▶ [Exercise aim] Please write out all of the data below exactly, without including the pictures.

START Dataset records

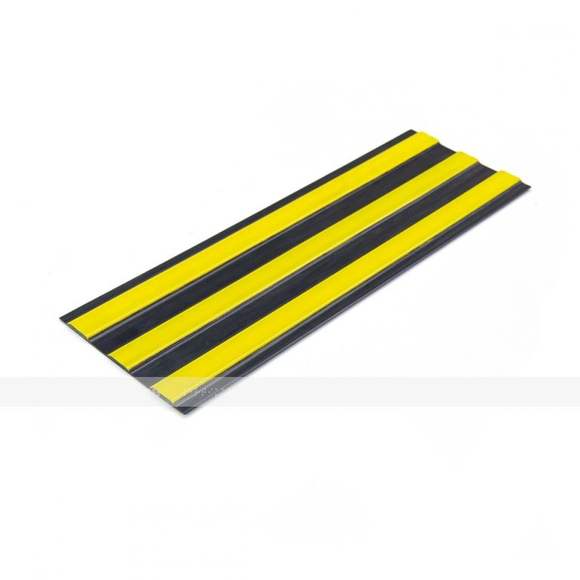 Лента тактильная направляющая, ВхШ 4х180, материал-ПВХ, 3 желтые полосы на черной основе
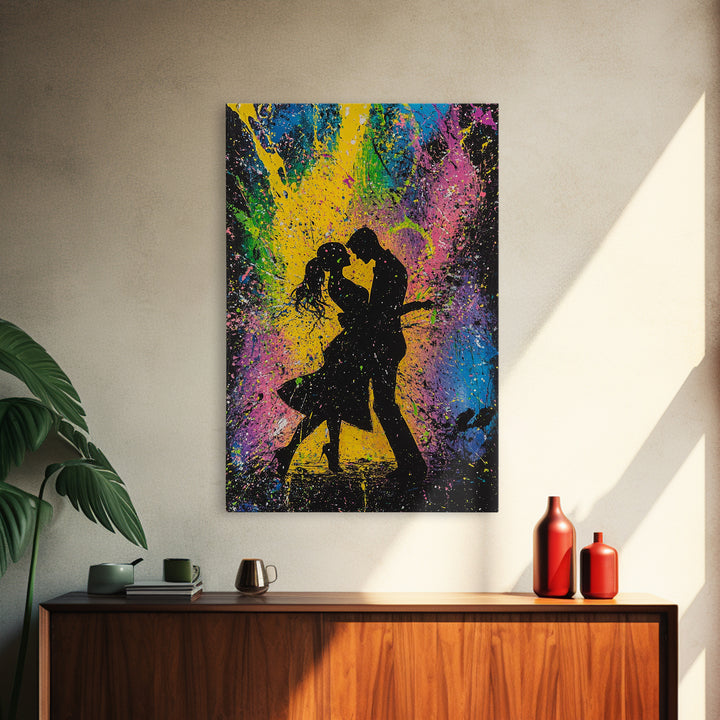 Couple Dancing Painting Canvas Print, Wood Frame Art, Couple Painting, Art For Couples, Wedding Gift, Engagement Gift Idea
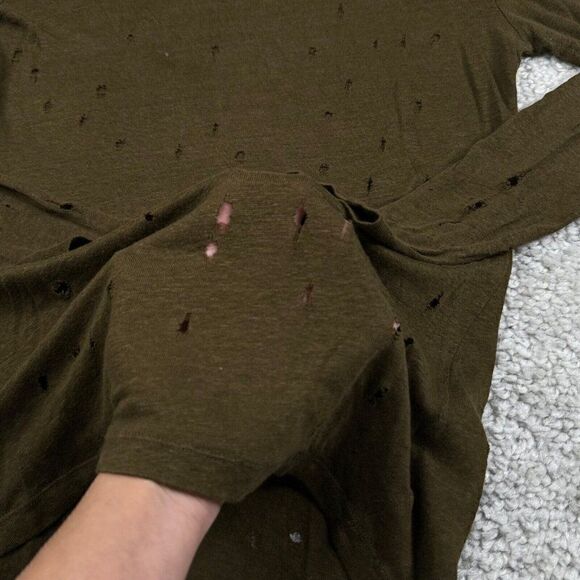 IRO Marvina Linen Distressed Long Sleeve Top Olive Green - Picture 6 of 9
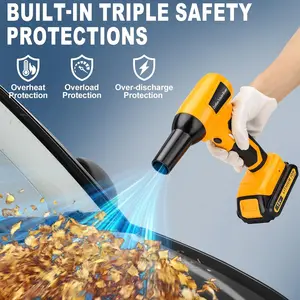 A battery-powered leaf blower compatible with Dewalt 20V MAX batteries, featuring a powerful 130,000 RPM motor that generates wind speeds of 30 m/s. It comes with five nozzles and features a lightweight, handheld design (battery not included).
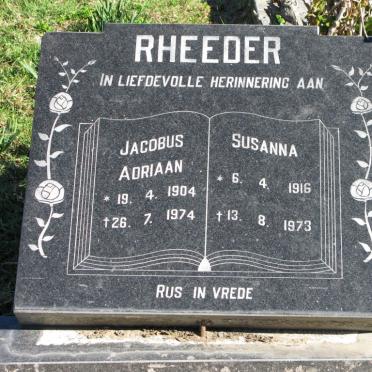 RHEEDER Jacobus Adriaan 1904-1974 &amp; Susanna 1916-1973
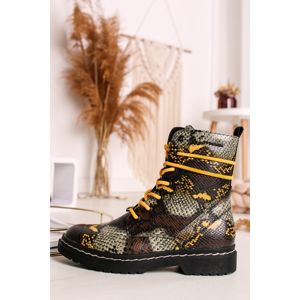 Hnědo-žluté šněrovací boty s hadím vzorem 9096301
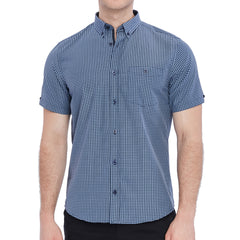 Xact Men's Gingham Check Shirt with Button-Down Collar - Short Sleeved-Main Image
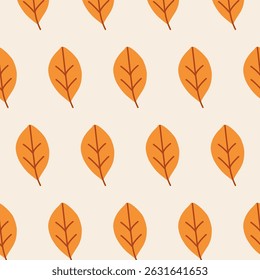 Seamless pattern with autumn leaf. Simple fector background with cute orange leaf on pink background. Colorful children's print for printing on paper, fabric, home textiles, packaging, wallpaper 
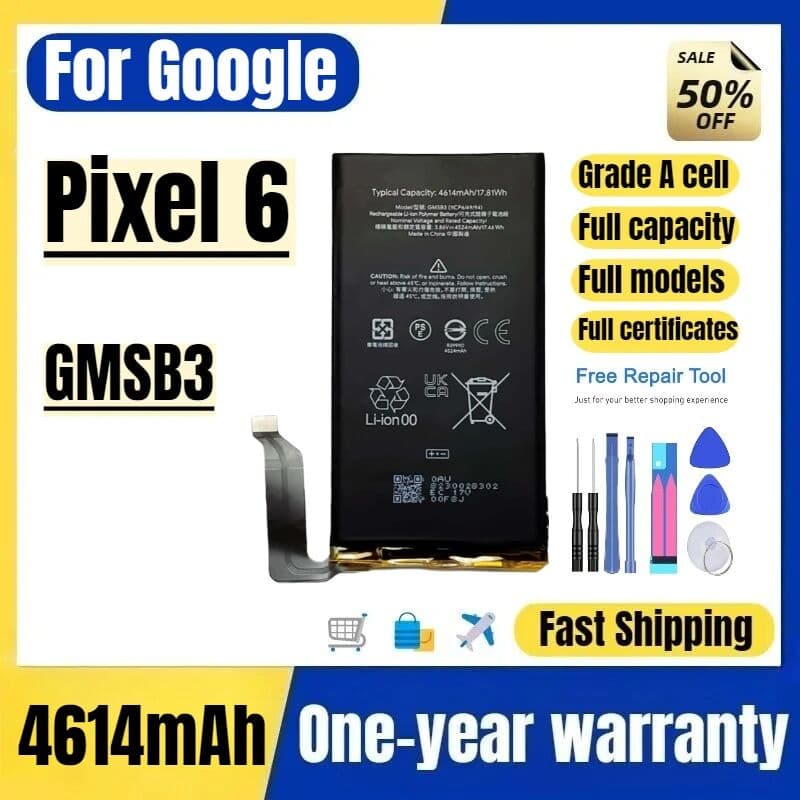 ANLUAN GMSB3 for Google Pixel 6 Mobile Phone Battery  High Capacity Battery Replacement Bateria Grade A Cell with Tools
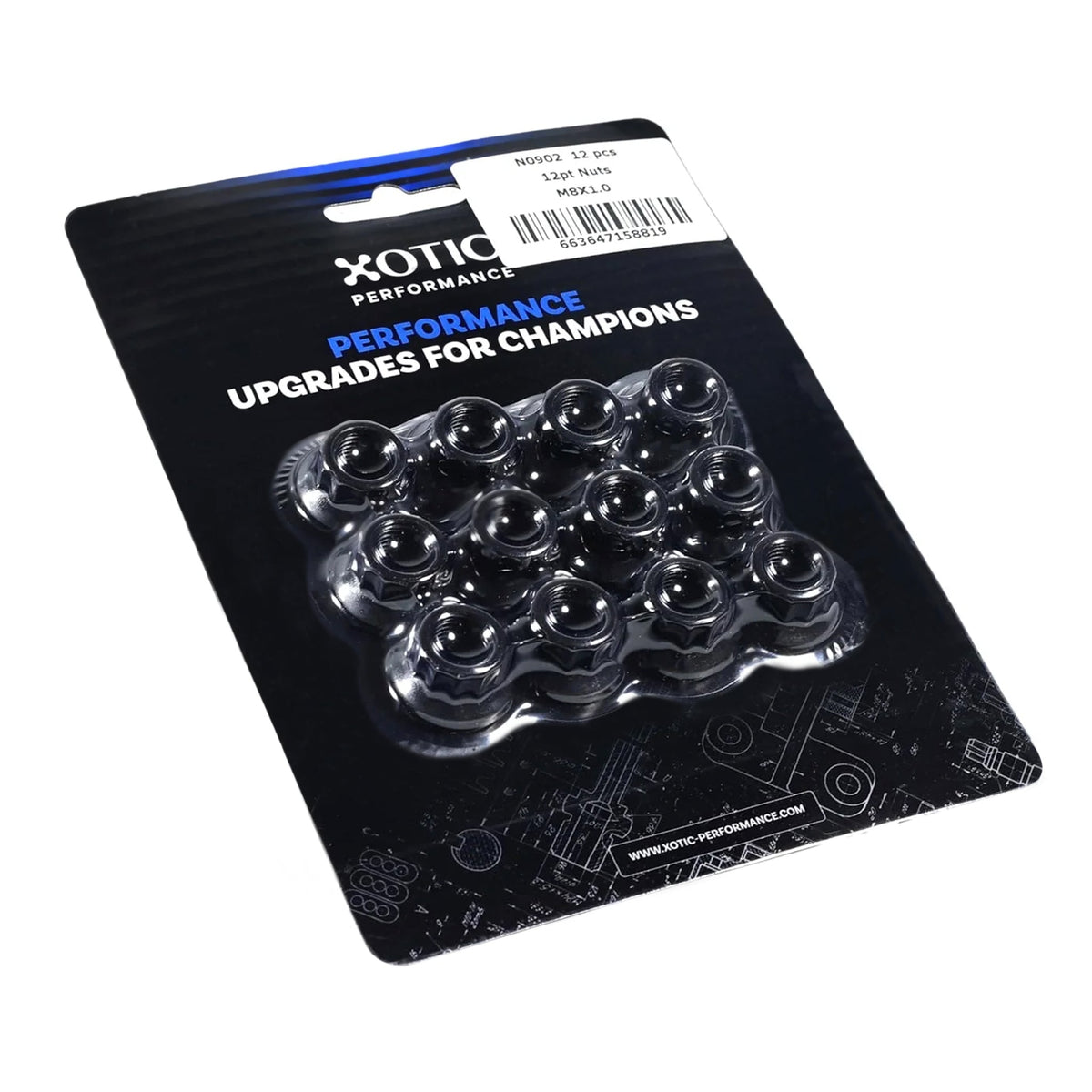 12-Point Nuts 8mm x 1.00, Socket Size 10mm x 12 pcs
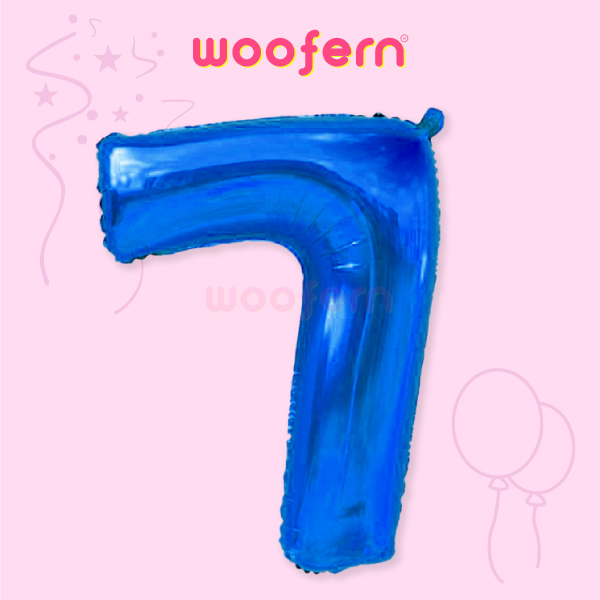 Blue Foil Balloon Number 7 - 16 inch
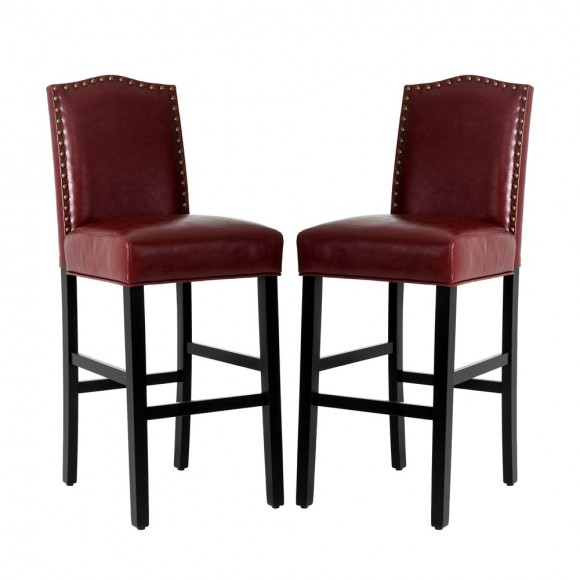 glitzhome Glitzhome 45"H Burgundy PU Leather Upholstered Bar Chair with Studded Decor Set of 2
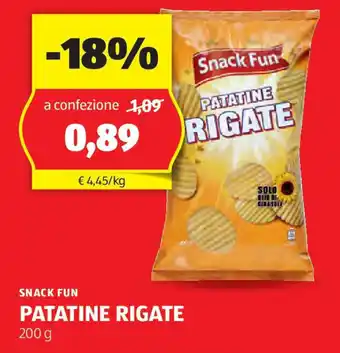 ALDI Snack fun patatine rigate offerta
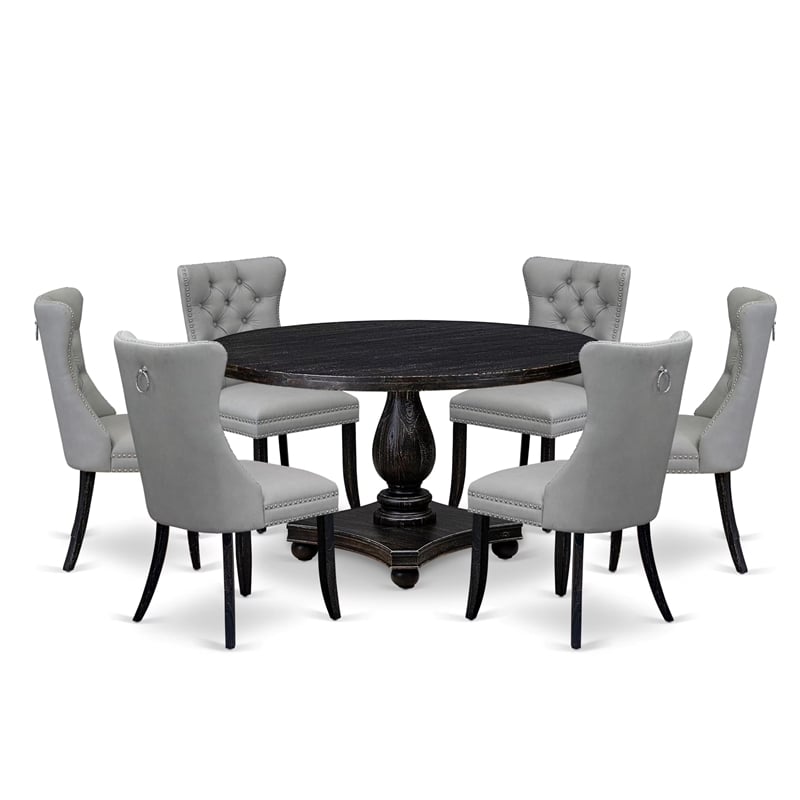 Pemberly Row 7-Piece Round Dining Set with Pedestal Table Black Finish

END Dataset records

▶ [Solution]
 Лента тактильная направляющая, ВхШ 4х180, материал-ПВХ, 3 желтые полосы на черной основе
 Couple Dancing Painting Canvas Print, Wood Frame Art, Couple Painting, Art For Couples, Wedding Gift, Engagement Gift Idea
 IRO Marvina Linen Distressed Long Sleeve Top Olive Green - Picture 6 of 9
 A battery-powered leaf blower compatible with Dewalt 20V MAX batteries, featuring a powerful 130,000 RPM motor that generates wind speeds of 30 m/s. It comes with five nozzles and features a lightweight, handheld design (battery not included).
 RHEEDER Jacobus Adriaan 1904-1974 &amp; Susanna 1916-1973
 Hnědo-žluté šněrovací boty s hadím vzorem 9096301
 Xact Men's Gingham Check Shirt with Button-Down Collar - Short Sleeved-Main Image
 Seamless pattern with autumn leaf. Simple fector background with cute orange leaf on pink background. Colorful children's print for printing on paper, fabric, home textiles, packaging, wallpaper 
 ANLUAN GMSB3 for Google Pixel 6 Mobile Phone Battery  High Capacity Battery Replacement Bateria Grade A Cell with Tools
 12-Point Nuts 8mm x 1.00, Socket Size 10mm x 12 pcs
 Blue Foil Balloon Number 7 - 16 inch
 glitzhome Glitzhome 45"H Burgundy PU Leather Upholstered Bar Chair with Studded Decor Set of 2
 ALDI Snack fun patatine rigate offerta
 Pemberly Row 7-Piece Round Dining Set with Pedestal Table Black Finish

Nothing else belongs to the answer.